Molte comunità religiose si impegnano non solo ad amministrare i Sacramenti, ma anche a fornire servizi di infermeria. La Conferenza San Vincenzo de’ Paoli, con il presidente conte Cays, è molto attiva e porta lenzuola, coperte, pane e carne alle famiglie. Il Comune cerca infermieri volontari. Don Bosco si appella ai suoi ragazzi: un primo gruppo di 14 volontari di 17-16 e14 anni si affiancano ai membri della San Vincenzo, e quindi sono supervisionati e sostenuti dagli adulti.

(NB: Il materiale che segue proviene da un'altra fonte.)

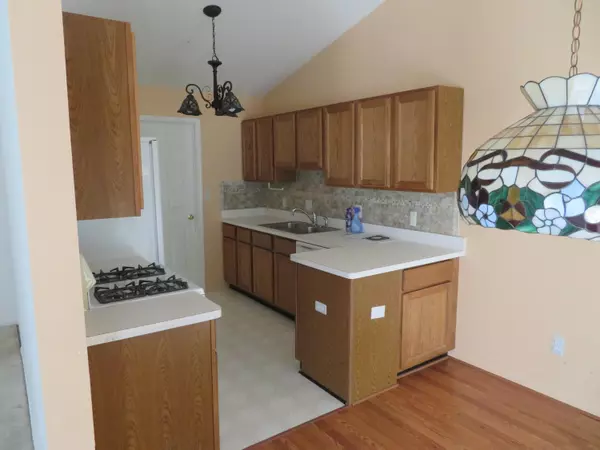 Milan, MI 48160,551 River Point Court Court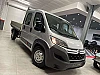 Citroen Jumper Jumper 35 L4 Heavy thumbnail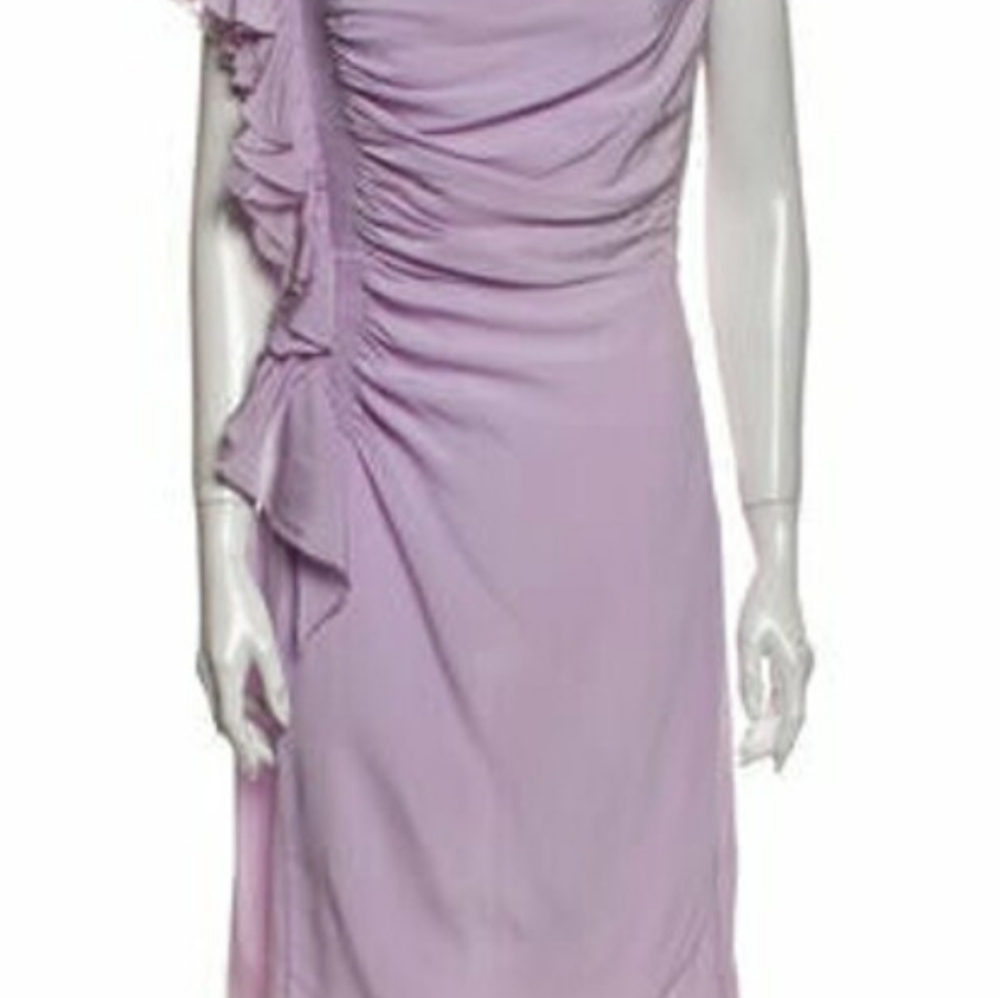 Zac Posen Dress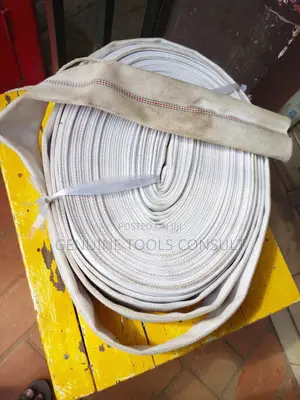 Delivery Pipes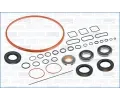 Sada t�sn�n�, elektromotor&nbsp;AJUSA&nbsp;&dash;&nbsp;AJS EV000800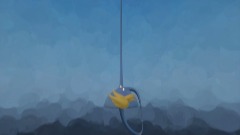 A screenshot taken in Dreams. 11 of 25.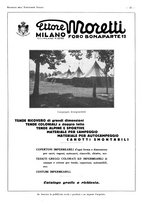 giornale/CFI0525496/1934/unico/00000437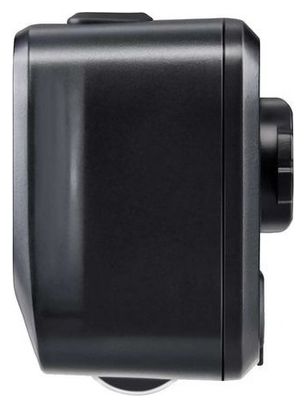 Eclairage Arrière Magicshine Seemee 200 V2.0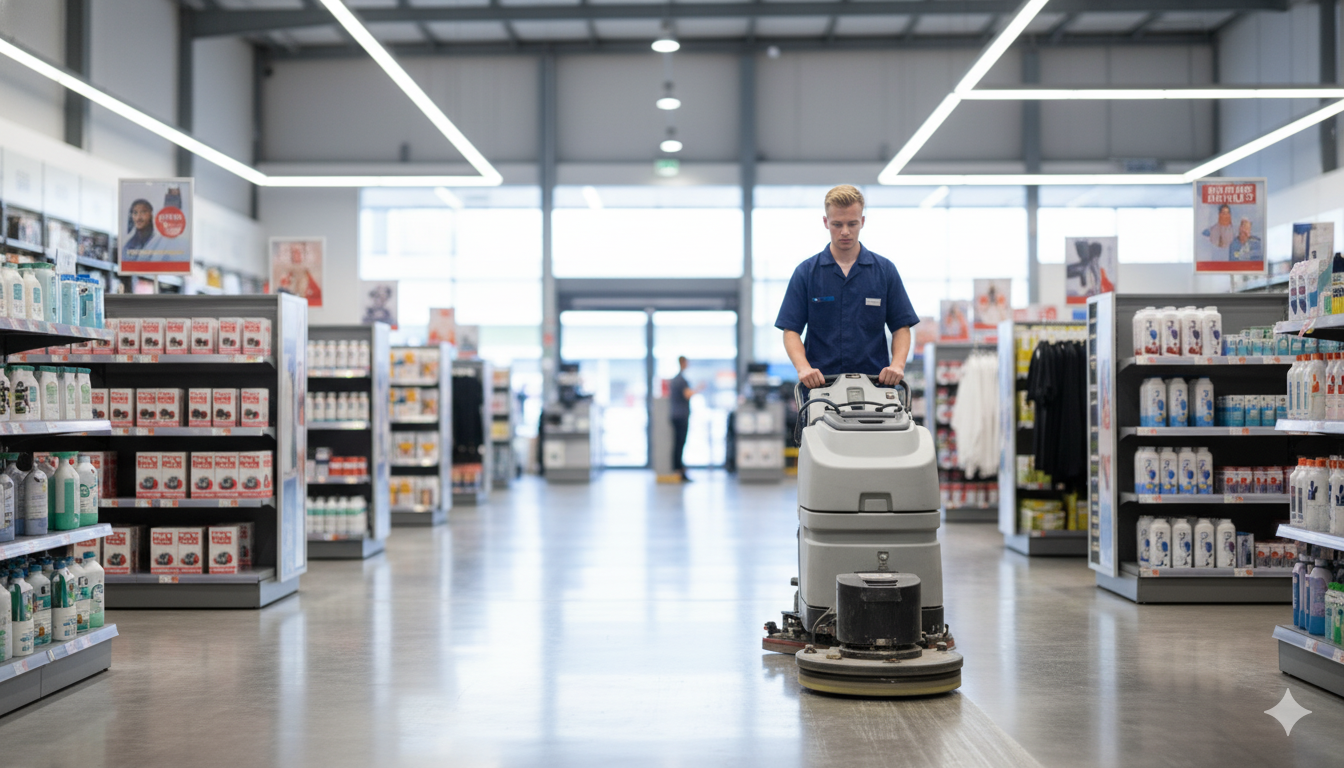 Generated Image November 03, 2025 – 10_42AM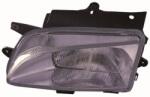 DEPO Far DEPO 550-1126L-LD-EM (550-1126L-LD-EM) - automobilus
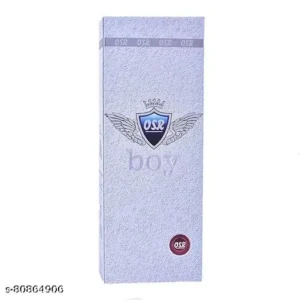 OSR BOY PERFUME 110ML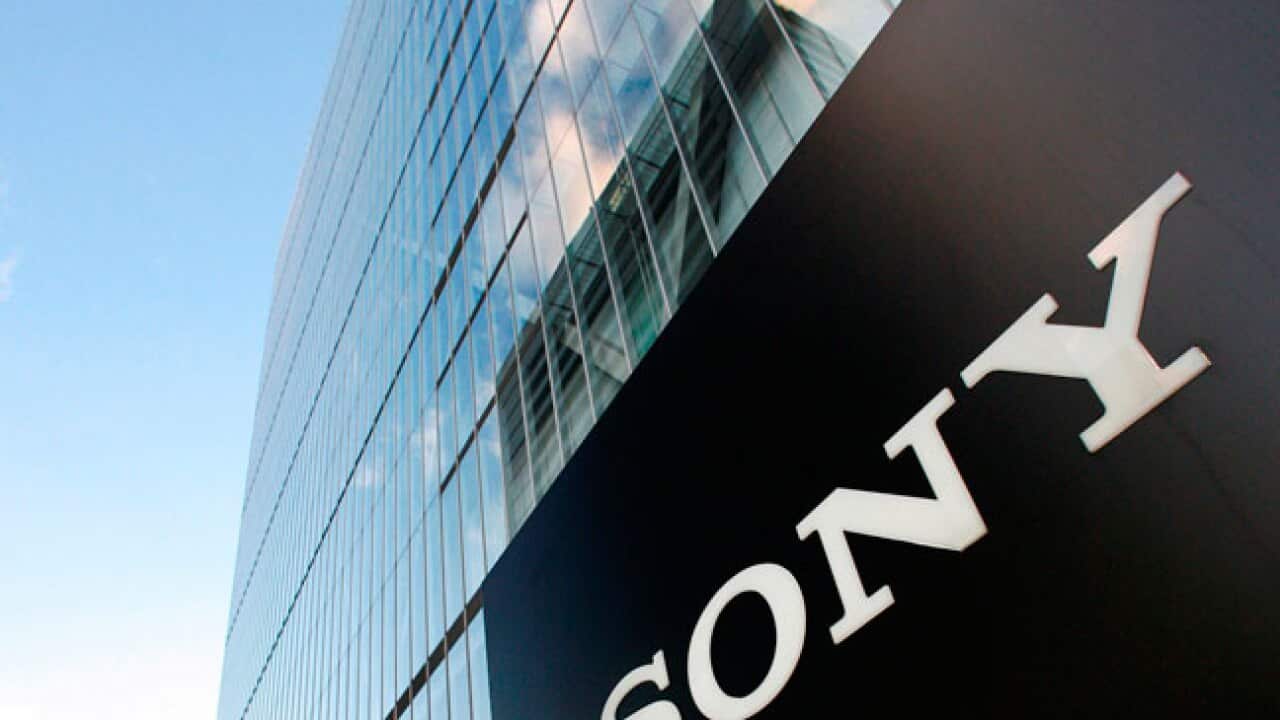 sony_logo_110505_B_aap_823476096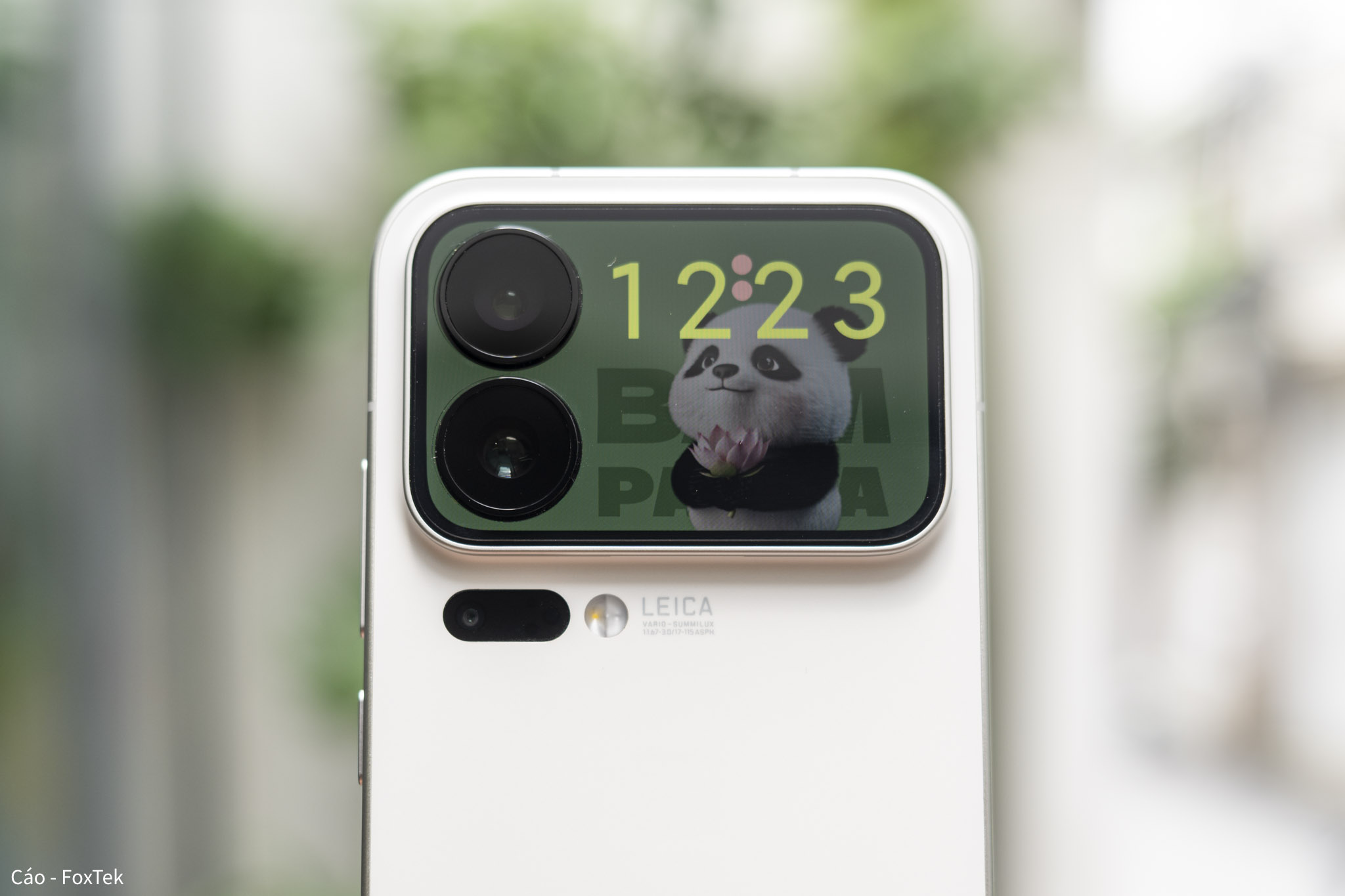 Xiaomi 17 Pro-21.jpg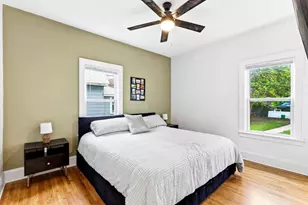 890 22nd Ave SE, Minneapolis, MN 55414 - Photo 13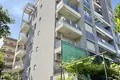 2 room apartment 47 m² in Budva, Montenegro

Don Bosco dà loro severe istruzioni per l’igiene. Questi dimostrano grande forza per sopportare il vomito, la dissenteria, gli odori, il soffocamento, i volti emaciati e pallidi, i corpi torturati. I pazienti terrorizzati devono essere convinti a lasciarsi condurre al lazzaretto, che percepiscono come anticamera della morte.
Dopo pochi giorni una trentina di altri giovani si uniscono alla prima squadra di volontari: tra essi Domenico Savio. Prendono in prestito dall’oratorio biancheria, lenzuola e coperte. Madre Margherita dona la tovaglia dell’altare, che aveva confezionato dal suo corredo di nozze. Quando l’epidemia si estingue don Bosco accoglie un buon numero di orfani, sia per le lezioni durante il giorno, sia per dare loro un rifugio permanente. Dopo questa dura esperienza, don Bosco crea una Conferenza di San Vincenzo a Valdocco. L’epidemia di colera tornerà nel 1865-67, colpendo tutta l’Italia – con 11 mila morti – e coincide con la costruzione della basilica Maria Ausiliatrice, inaugurata nel 1869.